Financial Accounting

  • Written down value or net book value means after depreciation.
  • Only assets and expenses and drawings have debit balances, all the other things in the world will have a credit balance.
  • Sales invoice would mean good sold on credit.
  • If bad debt is inside the trial balance then it means that it has already been subtracted from the Trade Receivables
  • Everything outside the Trial Balance has to come TWICE.
  • Provision for depreciation is a Contra Asset Account. It is NOT AN EXPENSE since its balance is brought down.
  • All the balance c/d go to the Balance Sheet
  • All the expenses and incomes are in the Income Statement
  • Revenue = Sales.
  • If NOTHING is specified about the policy of Depreciation, then you account for it MONTHLY. Every Asset has an Opening Debit balance and Closing Credit balance.
  • Every Liability has an Opening Credit balance and closing Debit balance.
  • The Amount of Loan interest strain owing and not paid (which was to be paid this year) comes in the Current Liabilities.
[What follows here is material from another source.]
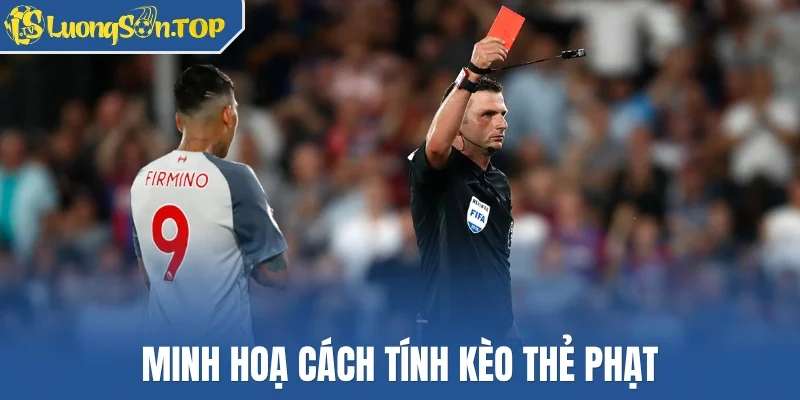 Minh hoạ cách tính kèo thẻ phạt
  • Departmental Account If given with prepayment any expenses, then we SHOULD FIRST ADJUST the accruals and prepayments, and then divide them into % of EACH department.
  • Control Account is not part of the double entry. It is THE THIRD ENTRY.
  • List price is the price WITHOUT deducting TRADE DISCOUNT.
  • Set off always reduces the Control Account!
  • Credit Notes received * Purchases Returns Credit Notes sent * Sales Returns
  • BAD DEBTS recovered comes on the debit side of the Sales Ledger Control Account (S.L.C.A) and even on the credit side.
  • Whenever you receive a cheque from BANK marked ‘REFER TO DRAWER’ then it is CHEQUE DISHONOURED
  • FIX NET PROFIT: In the Journal, if the account doesn’t go on the balance sheet, then if something is being CREDITED it will INCREASE N.P, or if it DEBITED, then it will DECREASE N.P.
  • To find the opening balance in the Suspense LEAVE THE FIRST two lines empty.
  • The amount of stationery used goes in the Profit and Loss as an expense.
  • Sundry Expense means miscellaneous expenses.
  • Whatever goes in the Income statement is REVENUE EXPENDITURE.
  • Whatever goes in the 8ALANCE SHEET is CAPITAL EXPENDITURE
  • CAPITAL OWNED (Sole trader) = Assets – Liabilities.
  • CAPITAL EMPLOYED (COMPANY) = OSC + PSC + RESERVES (share premium. Retain profits, all reserves) + Long Term Liabilities.
  • REFUND FROM Supplier is recorded on the Credit side of the Purchase Ledger Control Account. In closing Assets, you write the Bet Book Value (N.B.V)
  • If they ask you to make a STATEMENT TO find Profit or Loss, then just make that financed by (Opening capital + Net Profit (x) + Capital Introduced – Drawings = Capital at end)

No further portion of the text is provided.